At the end of October 2012, the global ETF and ETP industry had 4,694 ETFs and ETPs, with 9,646 listings, assets of US$1.85 trillion, from 203 providers on 56 exchanges. Year-to-date global ETFs and ETPs have gathered US$201.7 billion of net new assets.
Year-to-date through the end of October, equity ETFs and ETPs have gathered the largest net inflows accounting for US$114 billion, followed by fixed income ETFs and ETPs with US$57 billion and commodity ETFs and ETPs capturing US$20 billion.
Equity focused ETFs and ETPs have gathered US$3.2 billion in October and US$114 billion YTD, which is US$23 billion more than the NNA flows they received in all of 2011. In October investors withdrew US$10.1 billion from ETFs and ETPs providing exposure to North American equity indices and invested US$8.8 billion into ETFs and ETPs providing exposure to emerging market equity indices.
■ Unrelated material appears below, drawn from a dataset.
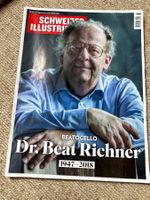 Schweizer Illustrierte 14.9.2018 beat Richner Beatocello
Fixed Income ETFs and ETPs received net inflows of US$6.1 billion in October and US$57 billion year to date, which is US$21 billion more than the total net new assets they received in the same period last year. Within fixed income, corporate bond products have gathered the largest net inflows in October with US$3.4 billion, followed by emerging market products with US$1.9 billion.
Commodity products received NNA inflows of US$3.3 billion in October and US$20 billion year to date which is US$5 billion more than full year 2011 NNAs. Precious metals gathered US$2.4 billion in October and US$17.6 billion year to date, followed by broad commodity exposure with US$2.5 billion and US$1.1 billion in energy exposure.
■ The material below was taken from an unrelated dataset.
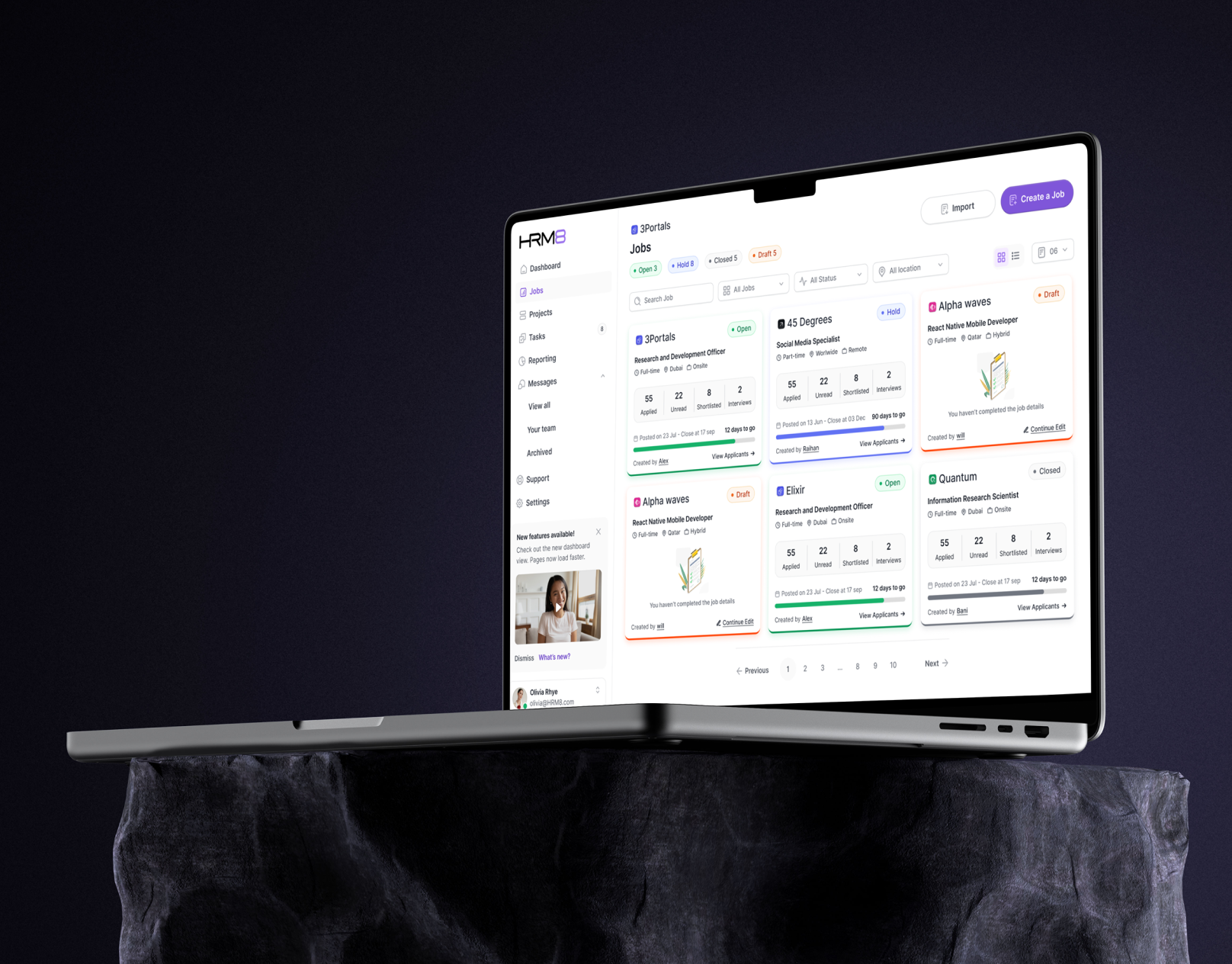 HRM8 — AI-Powered HRM SaaS thumbnail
Reviewing the NNA flows for the top 3 ETF and ETP providers globally in October, iShares accumulated US$10.9 billion in NNA and US$61.2 billion year to date which is in excess of their 2011 total of US$53.7 billion. Vanguard was second in the NNA race in October and year to date winning US$3.4 billion and US$46.3 billion respectively. Vanguard’s YTD NNA total of US$46.3 billion is US$10 billion above their full year 2011 NNA total of US$36 billion. SPDR ETFs suffered US$8.4 billion in NNA outflows in October but is still doing well on a year to date basis where they have taken in US$20.8 billion which is nearly the same amount they took in during all of 2011.